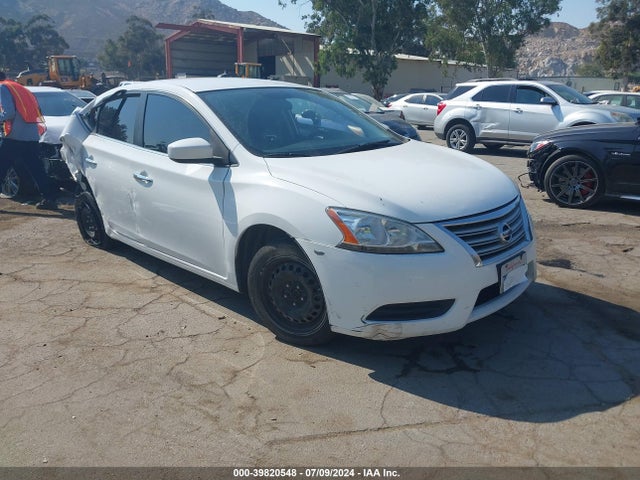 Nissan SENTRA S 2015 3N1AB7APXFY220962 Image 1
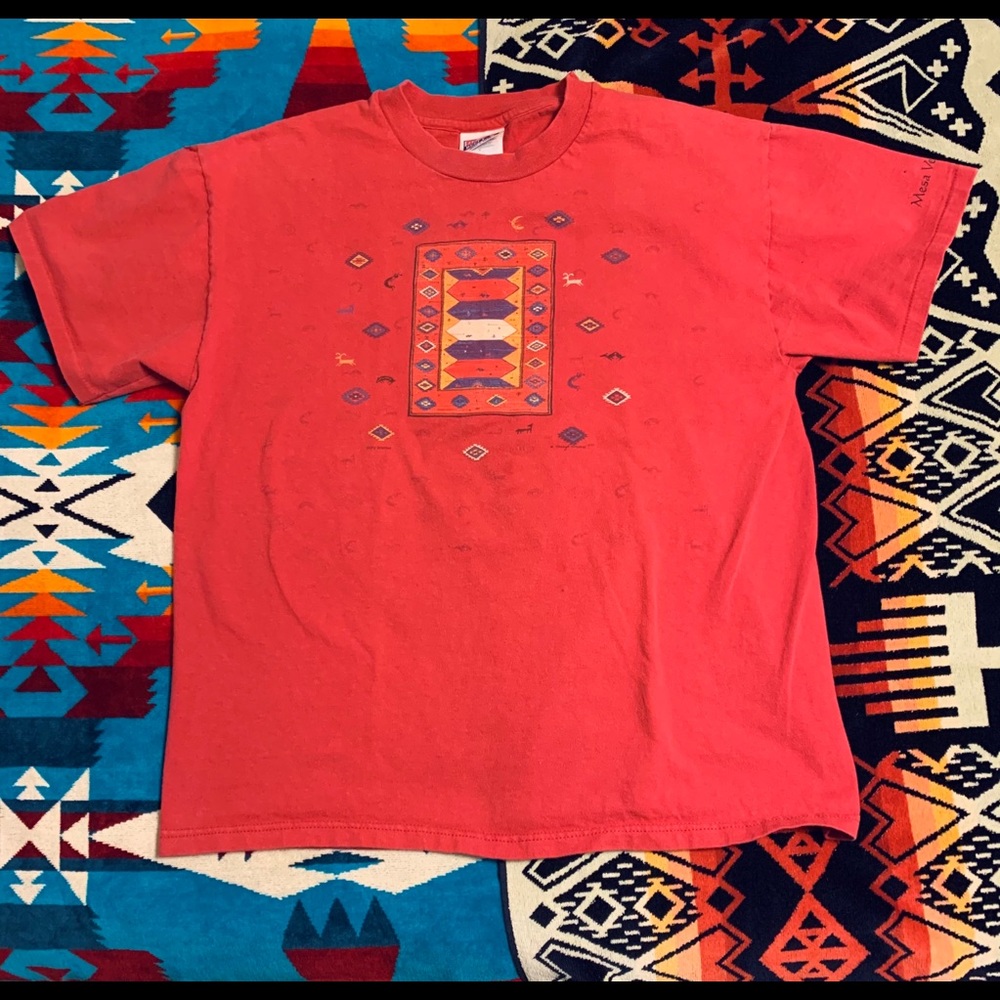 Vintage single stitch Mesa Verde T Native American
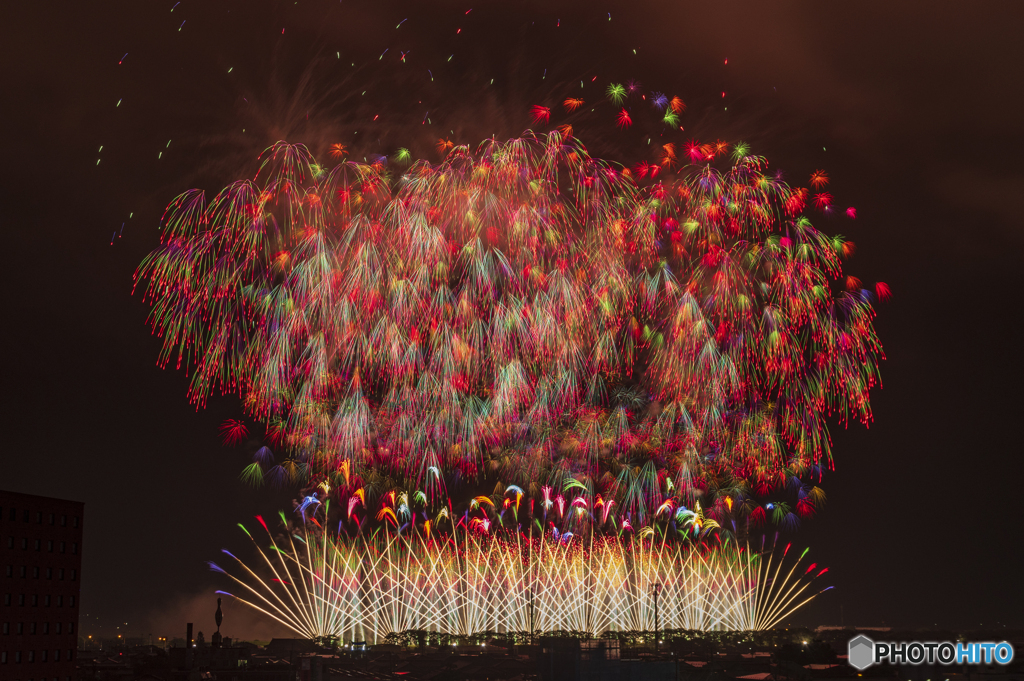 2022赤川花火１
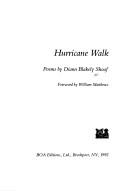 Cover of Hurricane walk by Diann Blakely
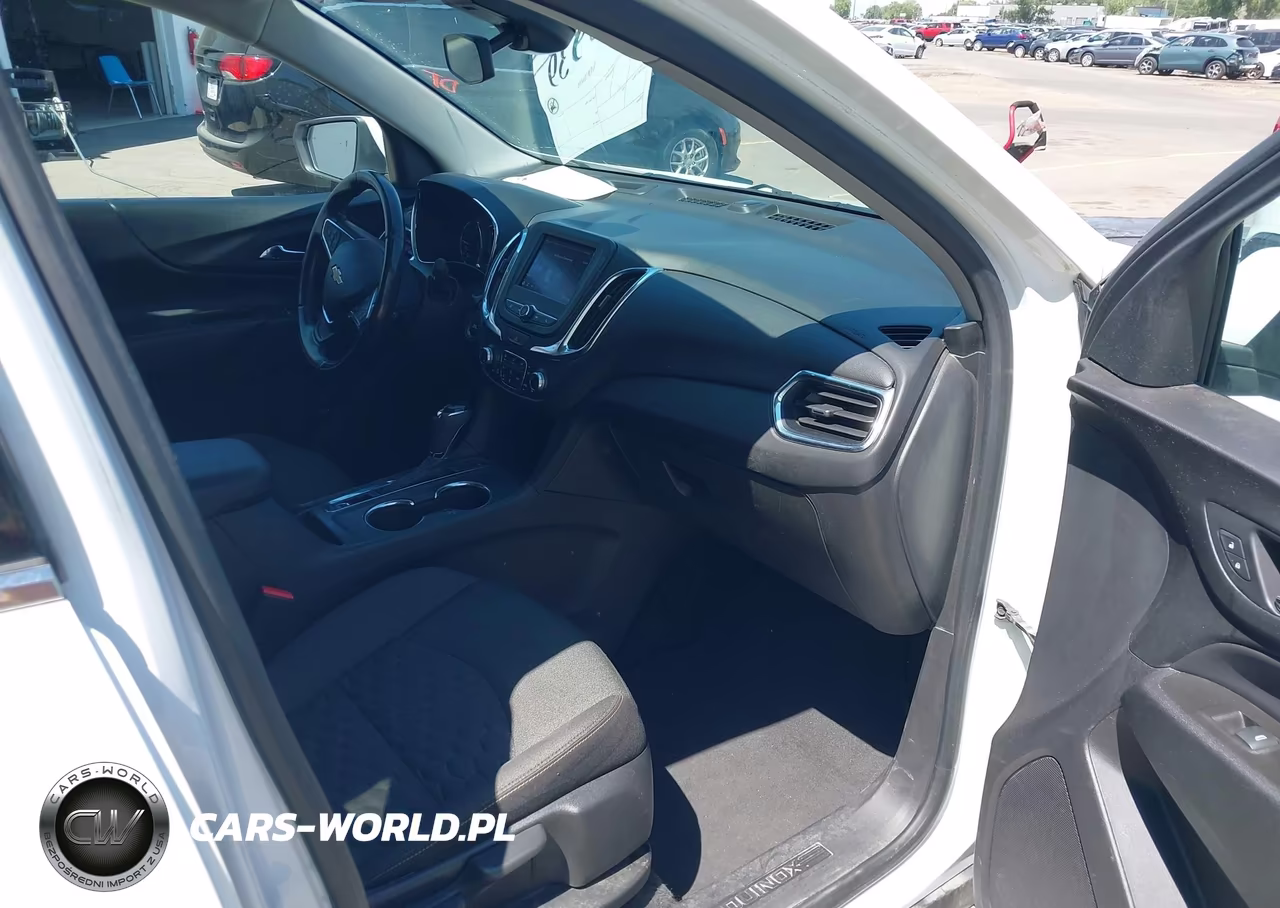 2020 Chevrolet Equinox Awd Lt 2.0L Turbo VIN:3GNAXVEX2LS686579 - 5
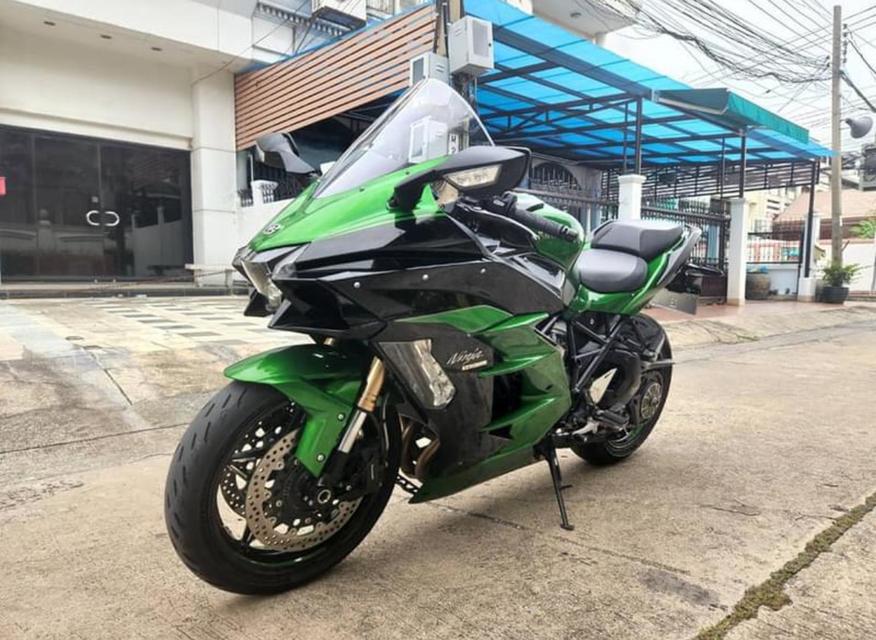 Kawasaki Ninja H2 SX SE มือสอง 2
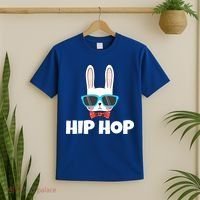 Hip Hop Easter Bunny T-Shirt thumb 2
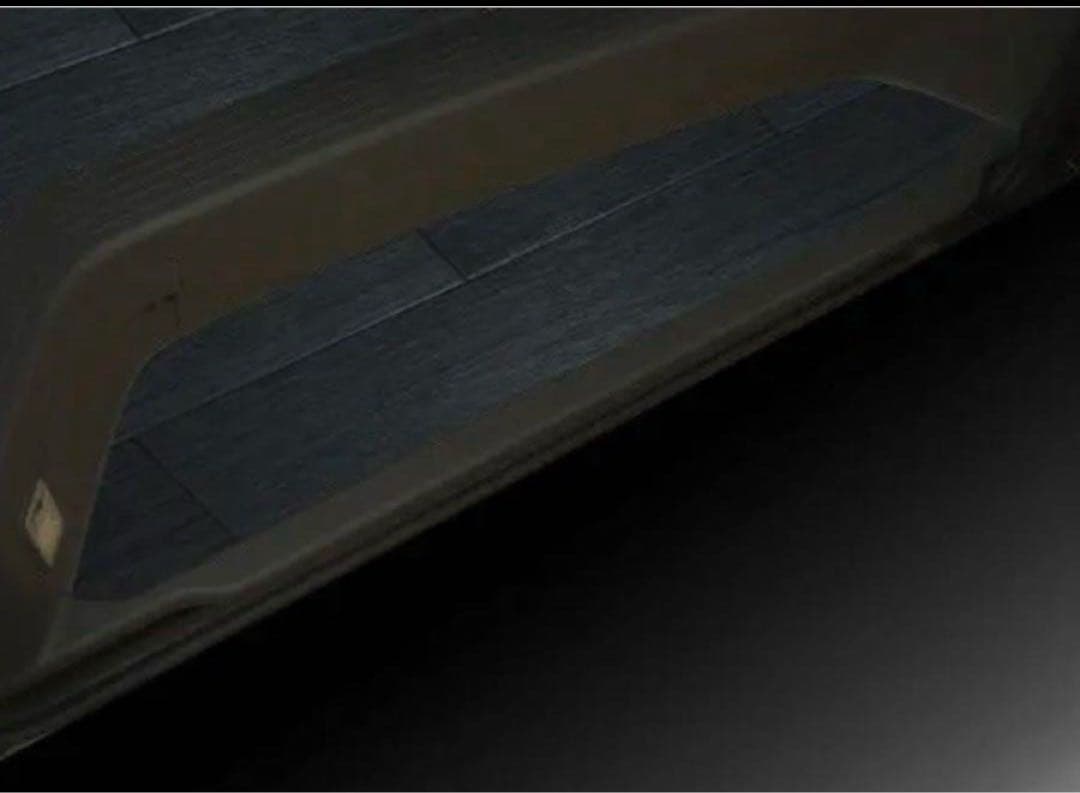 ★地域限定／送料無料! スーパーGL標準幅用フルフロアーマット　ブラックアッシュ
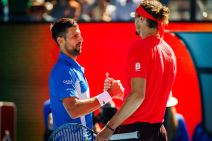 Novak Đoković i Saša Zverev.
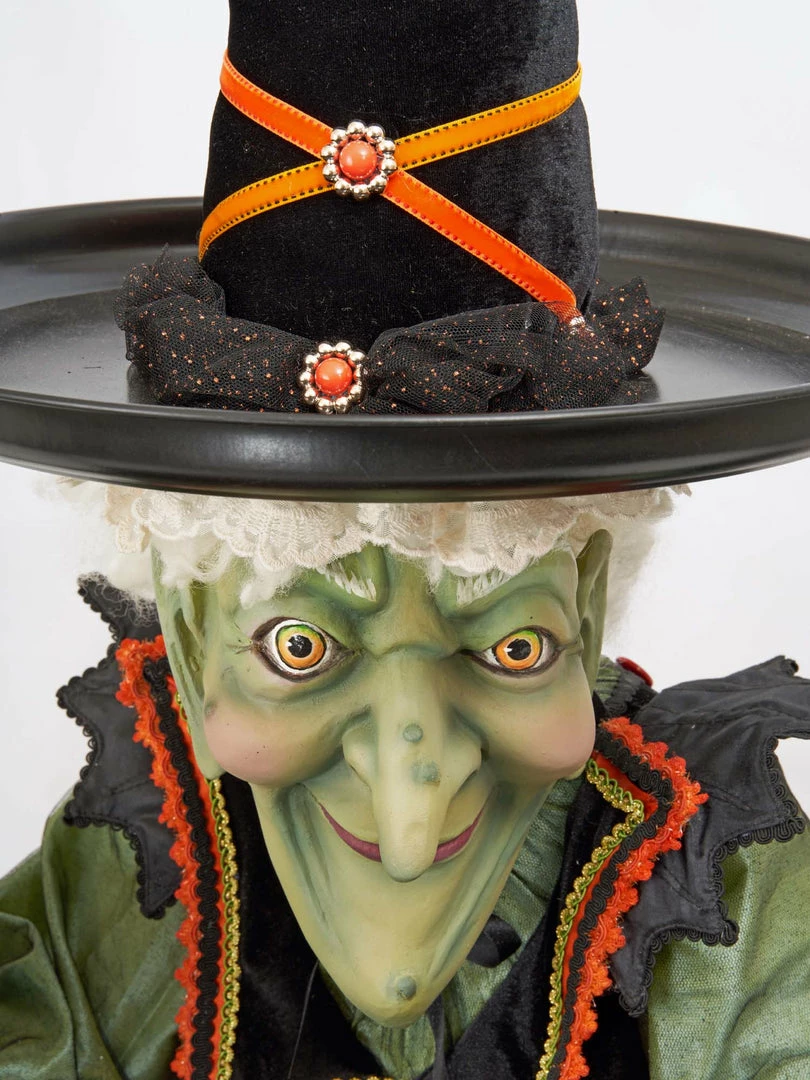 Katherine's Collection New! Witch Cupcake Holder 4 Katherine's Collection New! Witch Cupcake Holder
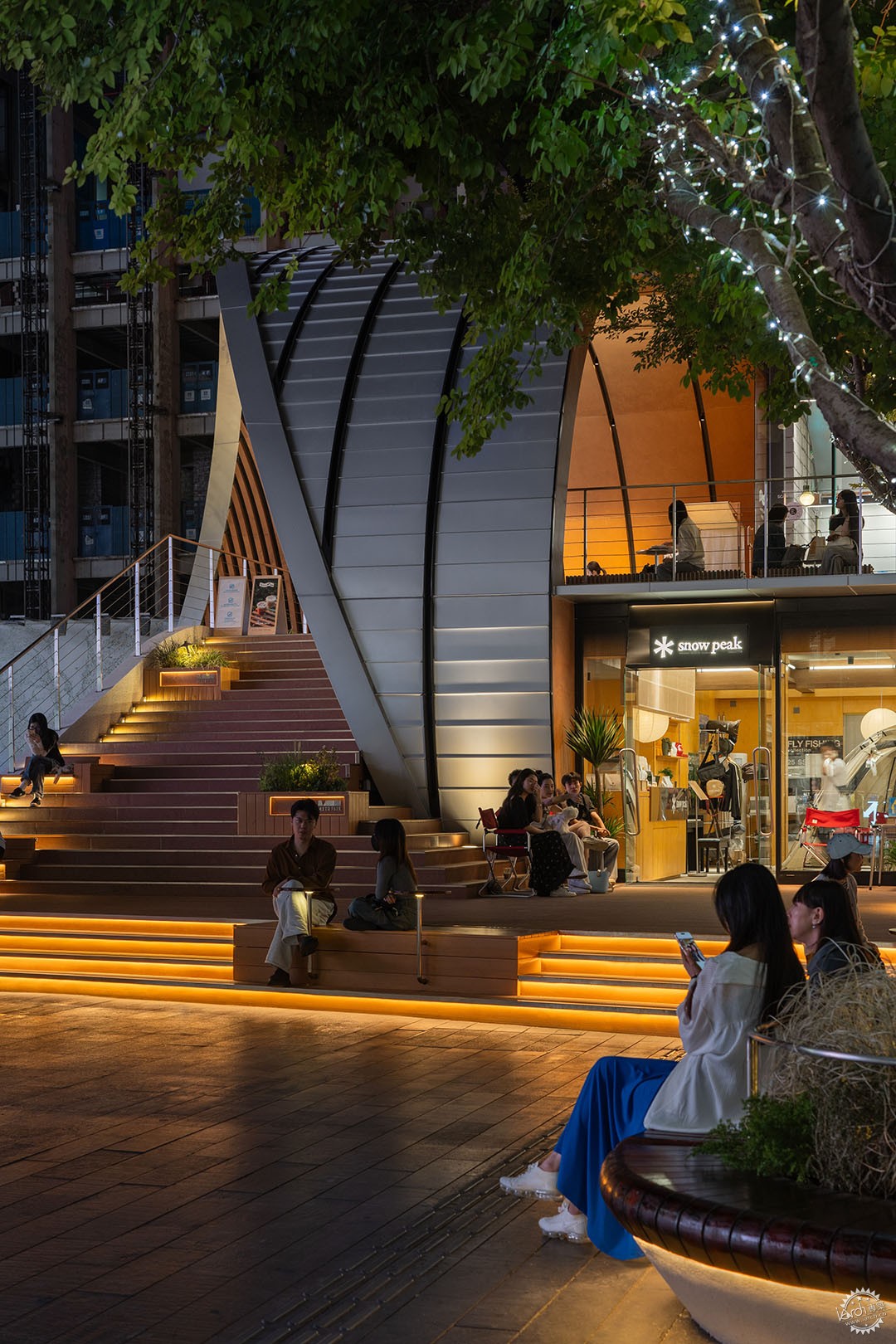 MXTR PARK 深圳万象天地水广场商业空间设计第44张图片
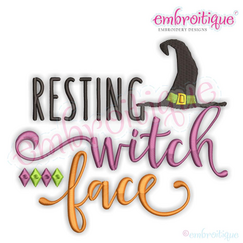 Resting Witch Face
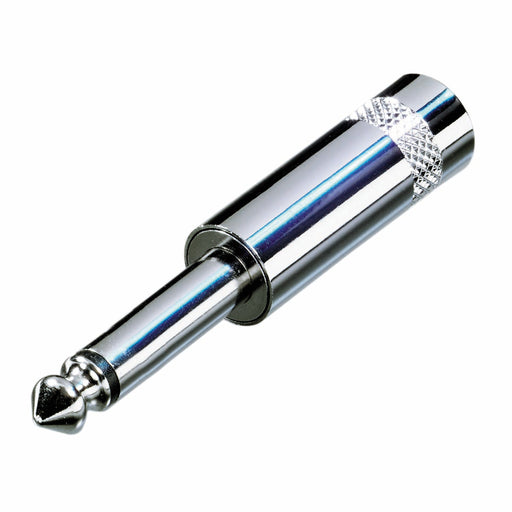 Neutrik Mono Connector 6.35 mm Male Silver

• [WHAT IS EXPECTED]: Please, leaving out all pictures, transcribe exactly the lines above from the one containing "Cover of Hurricane walk by Diann Blakely" through the final line, both included.

• [TASK ANSWER]:
 Cover of Hurricane walk by Diann Blakely
 2020 Chevrolet Equinox Awd Lt 2.0L Turbo VIN:3GNAXVEX2LS686579 - 5
 Kawasaki Ninja H2 SX SE มือสอง 2
 Hip Hop Easter Bunny T-Shirt thumb 2
 ★地域限定／送料無料! スーパーGL標準幅用フルフロアーマット　ブラックアッシュ
 Novak Đoković i Saša Zverev.
 Katherine's Collection New! Witch Cupcake Holder 4 Katherine's Collection New! Witch Cupcake Holder
 MXTR PARK 深圳万象天地水广场商业空间设计第44张图片
 Resting Witch Face
 Neutrik Mono Connector 6.35 mm Male Silver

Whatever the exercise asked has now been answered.